I maintain because I know that even my opponents know that human rights will not be denied, and that love and aspirations cannot be contained.


People – friends of mine – have left Virginia since 2004 because of the relentless assault upon honest, hardworking, productive Virginians which has been perpetrated by the right wing cabal led by Bob Marshall, Steve Newman and Kathy Byron.  No Virginian sued to legalize same-sex marriage.  No Delegate or Senator introduced a bill to do so.  No judge ruled that it was possible.  And yet these ideologues chose to disparage productive Virginians and endanger the well-being and relationships of every unmarried citizen, all for political gain.


This makes me angry, but it doesn’t make me despair.  I know that this amendment will fail because Virginians – a conservative people – do not want government to interfere in their families.


I know this amendment will fail because Virginians – a proud people – do not want to stain their Bill of Rights with a statement of intolerance.

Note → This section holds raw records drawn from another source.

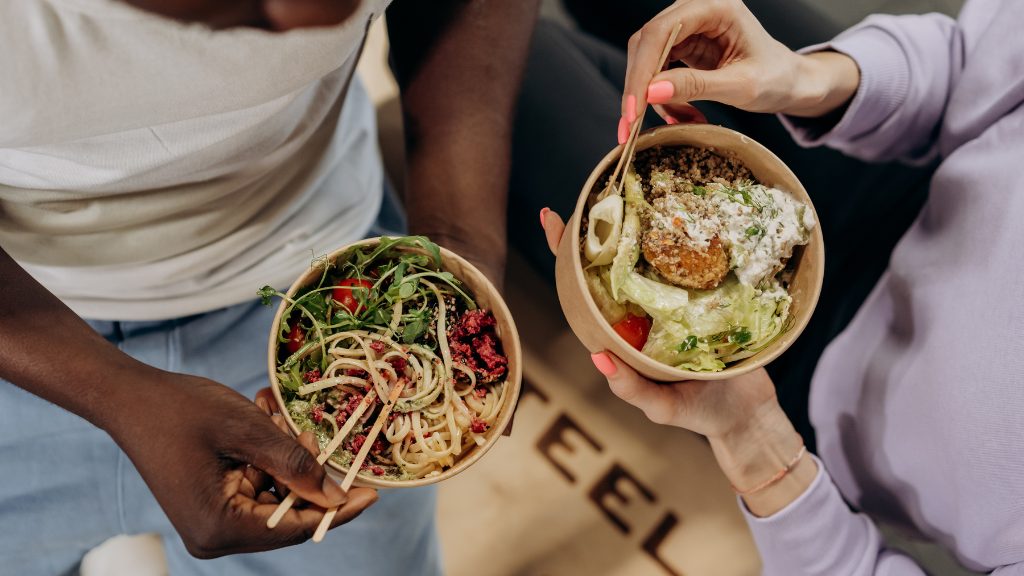 Man And Woman Eating Healthy Food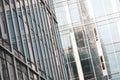 Details with the windows and glass walls and reflections in them of an office/business modern building Royalty Free Stock Photo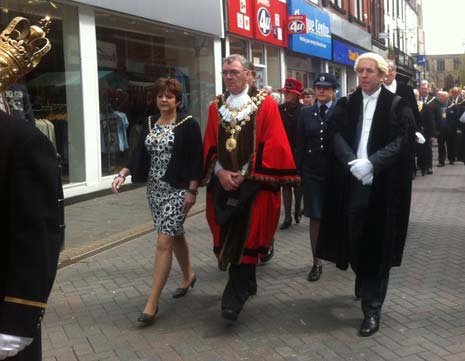 The Parade heads to the Town Hall to take the salute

And, I know this amendment will fail because we – true Virginians – have had enough.  We’re going to make certain that we do all we can to get our voters to the polls on November 7, to vote down this mean-spirited and harmful amendment.


Vote No.  Vote No for yourself, and Vote No for your fellow Virginians.  We all deserve nothing less.


October 22, 2006 Posted by | discrimination, limited government, Marriage equality, politics of marriage, straight couples | 1 Comment

Republican Urges Republicans to Vote NO and Send a Message

Ray Warren, former NC legislator and judge, wrote Sunday in the Washington Post Outlook section that on November 7th, Republicans have “a  rare opportunity to challenge the party’s religious extremists without supporting a Democrat .” 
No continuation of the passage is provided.